Adoubés par l’Etat islamique

Après le démantèlement de la « cellule de Verviers », l’organisation Etat islamique (EI) a officiellement adoubé le projet déjoué par la voix de son plus haut porte-parole : Abou Mohamed Al-Adnani. Les deux djihadistes tués, Soufiane Amghar et Khalid Ben Larbi, ont eu droit à la publication de leur portrait sur Twitter avec la mention : « Puisse Allah leur accorder une place à ses côtés ». Enfin, un mois plus tard, dans la revue de propagande Dabiq, Abdelhamid Abaaoud se félicitait d’avoir échappé à la vague de perquisitions et d’interpellations et légitimait son action.

L’échec de Verviers a-t-il servi malgré lui de rodage au commando du 13 novembre qui a ensuite essaimé jusqu’au drame de Bruxelles ? Tout le mode opératoire est en tout cas en place.
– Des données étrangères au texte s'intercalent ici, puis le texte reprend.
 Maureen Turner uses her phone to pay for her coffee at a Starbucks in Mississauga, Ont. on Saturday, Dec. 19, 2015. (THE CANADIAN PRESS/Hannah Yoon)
Dans la liste des prévenus apparaissent déjà les liens serrés entre réseaux radicaux belges et français (quatre mis en cause sont français). Comme dans le dossier du 13 novembre, plusieurs trajets en voiture ont été effectués à travers l’Europe pour ramener les ex-djihadistes du front syrien. Athènes surtout, apparaît déjà comme une solide base arrière logistique, et le véritable point de chute d’Abdelhamid Abaaoud.

Mais dix mois durant, les enquêteurs ne parviendront jamais à mettre la main sur lui. Et le 13 novembre, l’enfant de Molenbeek mènera cette fois jusqu’au bout ses ambitions macabres.